Food Writing – Assignment 3

Restaurant Review: Lumpia Shack

Filipino restaurants have been popping up in trendy neighborhoods across the greater New York City area over the last 6 years, so there was no shortage of options when my childhood friend visited me for a long weekend. Since Sheena is a pescatarian, we narrowed in on one in particular. Lumpia Shack in West Village seemed to fit the bill, being that it’s a fast-casual, is reasonably priced, and has food that meets our dietary restrictions.

We headed there hungry for lunch on a Sunday, and surprisingly it was nearly empty. Most of the furnishings were made of unvarnished wood, and a chalkboard menu hung near the entrance listing an array of possibilities. The cheerful and knowledgeable hostess gave us time to collect our thoughts, though I’d already decided before leaving my apartment that I wanted milkfish. We settled in at the bar stools by the window, and the natural light poured onto the stacks of books about Filipino food and culture. It was very charming and we remained hopeful that the food had as much promise as the carefree ambience.

Given its name, it was necessary to order lumpia. We happily ordered the shiitake-, enoki-, and cremini-filled lumpia, garnished with truffle aioli and crushed peppers. They were small and extra crispy, and the drizzle of creamy umami and kick of spice helped to balance the flavors and textures; a delicious snack, though a pretty unconventional alternative to Lumpia Shanghai. We also ordered pancit bihon―thin glass noodles and julienne vegetables with a protein of choice. We opted for tofu, and it came topped with mixed greens and pickled radish. The very chatty hostess told us the owner’s life story, mentioning his experience in fine dining and you could see the influences in the menu. Lumpia Shack maintains classic Philippine flavor profiles, but also highlights a focus on seasonality and locally-sourced ingredients.

The main attraction was the milkfish I had been craving―bangus. In Filipino tradition, for breakfast we have a protein and normally eat it with garlic-fried rice, fried eggs, and atsara―a pickled papaya condiment. We ordered the the bangus bowl, which included brown rice and the same salad on the pancit. I failed to realize it didn’t automatically come with a fried egg so seeing my mistake, asked the hostess if I could add one. Neil, the owner had stepped into the shop, and overhearing my disappointment, ordered up my last-minute addition himself, on the house. The fried bangus was tasty, though not as meaty as I’d been dreaming of. The salad, though not typical, added a welcomed freshness and acidity in place of my beloved astara. We also tried house-made sauces, including a solid hot sauce and a peculiar and confusing kalamansi sauce that tasted overrun with sugar.

I was intrigued to find on their menu a favorite childhood snack―garlic chips! Since I grew up not eating pork, these were our answer to chicharron. We would fry them fresh and dip them in flavored vinegar. The garlic chips at Lumpia Shack are also fried fresh, then dusted with sinigang seasoning―a mix of tamarind powder and other spices. It’s far from a glamorous or even really popular food, but it gave me the most joy of all the dishes. Having it on the menu was an appreciated gesture. We ended the meal with dessert, not because we were still hungry but because we felt an obligation to try their halo-halo which we saw was topped with popcorn from a picture on social media. I could normally do without the overload of toppings like red beans and corn mostly, so we were grateful that we could customize ours with ube ice cream, condensed ube sauce, pinipig, and turon.

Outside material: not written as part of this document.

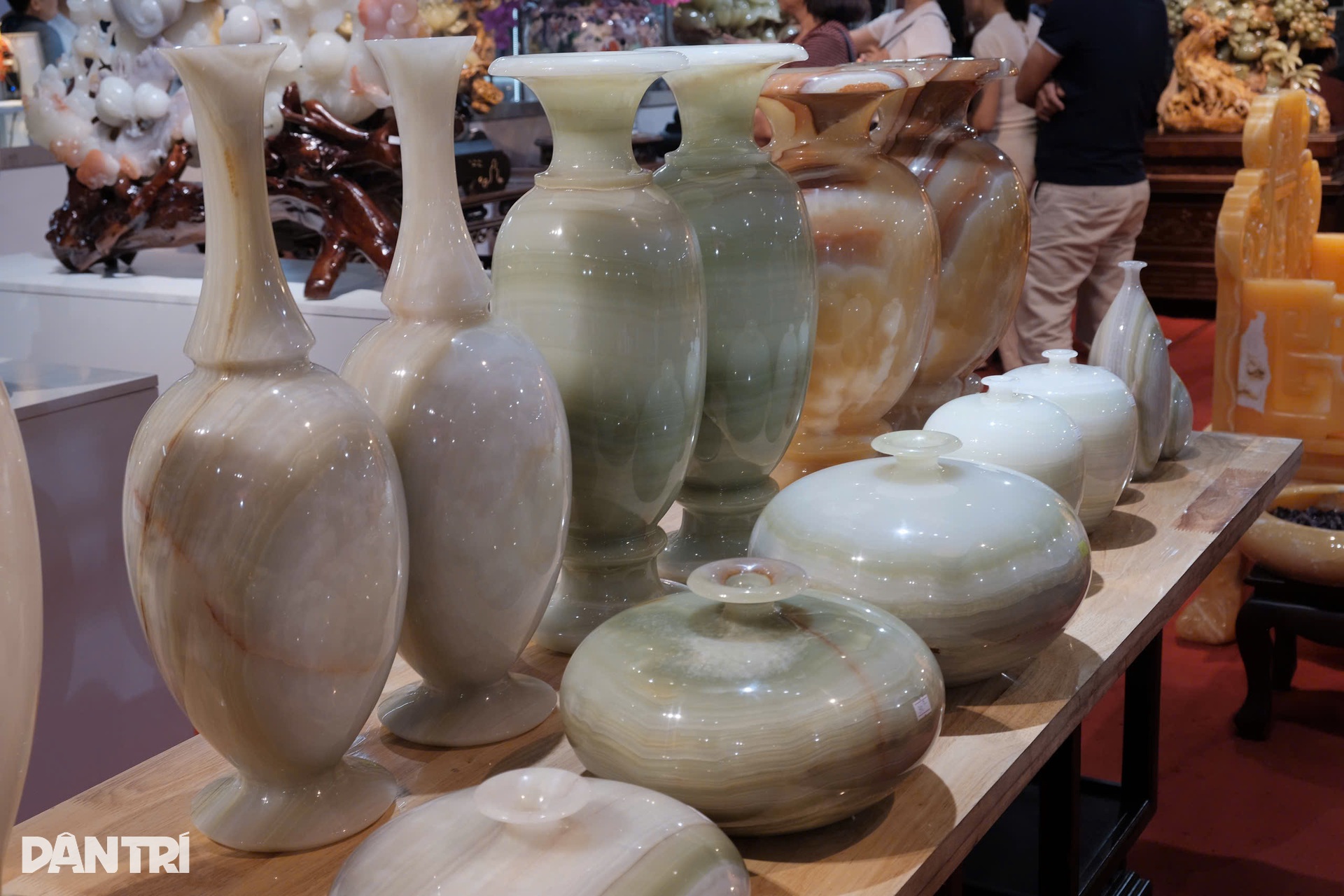 Loạt đá quý có giá rao bán cả tỷ đồng tại Hội chợ Mùa Thu - 12 Loạt đá quý có giá rao bán cả tỷ đồng tại Hội chợ Mùa Thu - 12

Lumpia Shack’s strength is its flexibility and loose interpretation of Filipino food since they don’t claim to be traditional. Growing up with different eating restrictions, I sometimes felt excluded from what many conceive as a ‘normal’ Filipino feast. I’m grateful that Lumpia Shack makes Filipino food accessible to people unfamiliar with the cuisine, but also took appreciation of the fact that people like us could feel included; that we weren’t missing out on the best items on the menu. My cousins in Metro Manila were born and raised vegetarians, and not growing up eating dinuguan or crispy pata doesn’t make them any less Filipino. Lumpia Shack highlights Filipino food in a respectable and responsible way, and I’m grateful for the representation among the growing number of Filipino establishments in New York City’s food scene. Their warm and inviting service, comfortable atmosphere, and variety of options make Lumpia Shack a place worth visiting.